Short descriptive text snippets
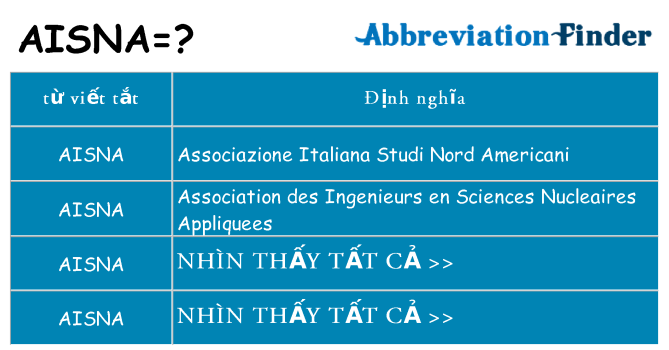 aisna hiện những gì đứng cho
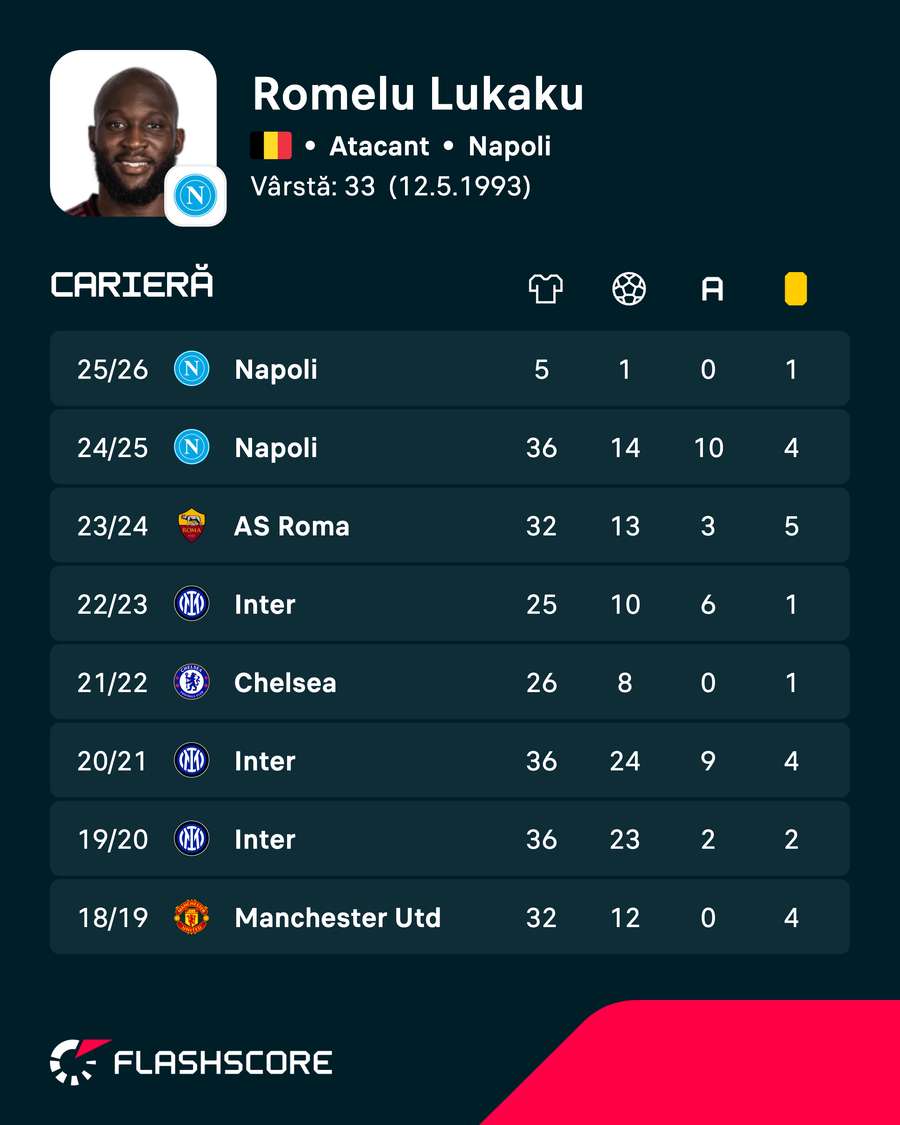 Cifrele lui Romelu Lukaku
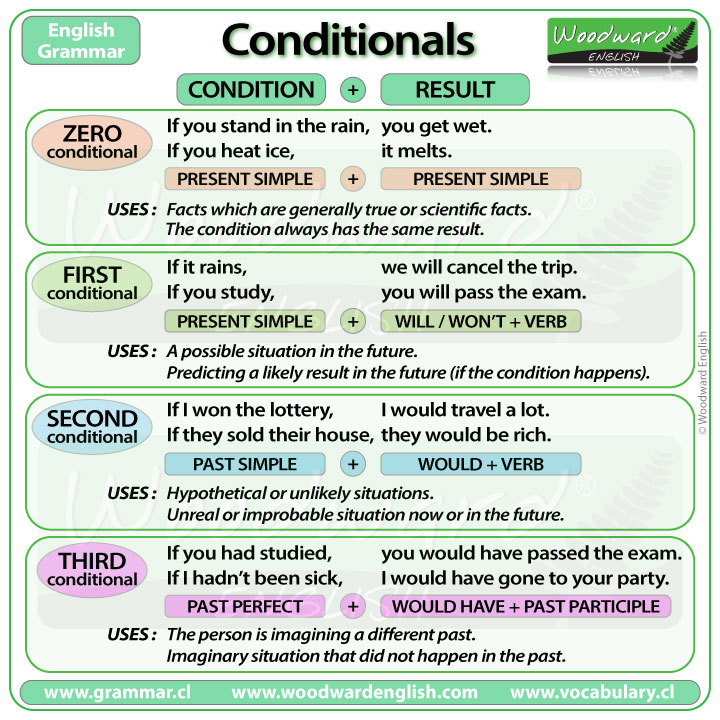 Detail Contoh If Clause Type 2 Nomer 4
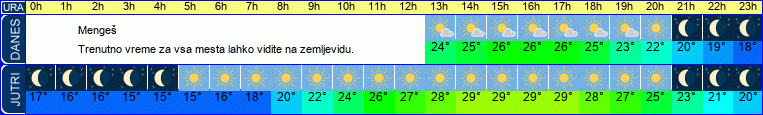vreme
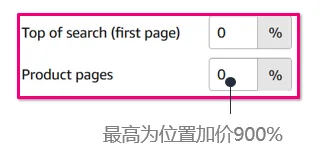提高亚马逊广告点击率的3个神技,点燃你的销售引擎!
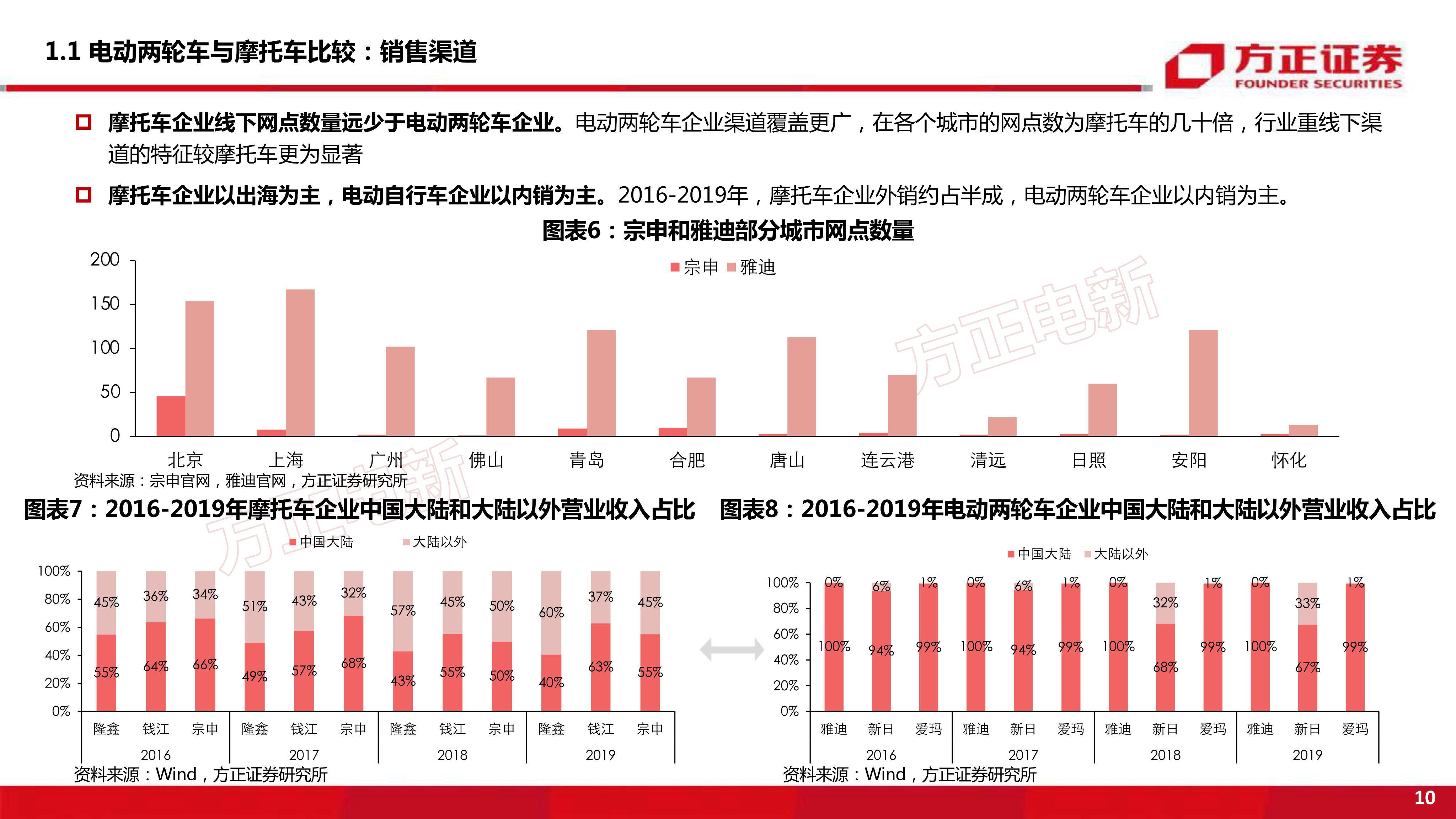 电动两轮车行业深度之三大趋势:长期成长,互联网化,高端化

Your goal:
All that is needed is an exact copy of the entries above, minus the pictures.

Your solution:
 aisna hiện những gì đứng cho
 Cifrele lui Romelu Lukaku
 Detail Contoh If Clause Type 2 Nomer 4
vreme
提高亚马逊广告点击率的3个神技,点燃你的销售引擎!
 电动两轮车行业深度之三大趋势:长期成长,互联网化,高端化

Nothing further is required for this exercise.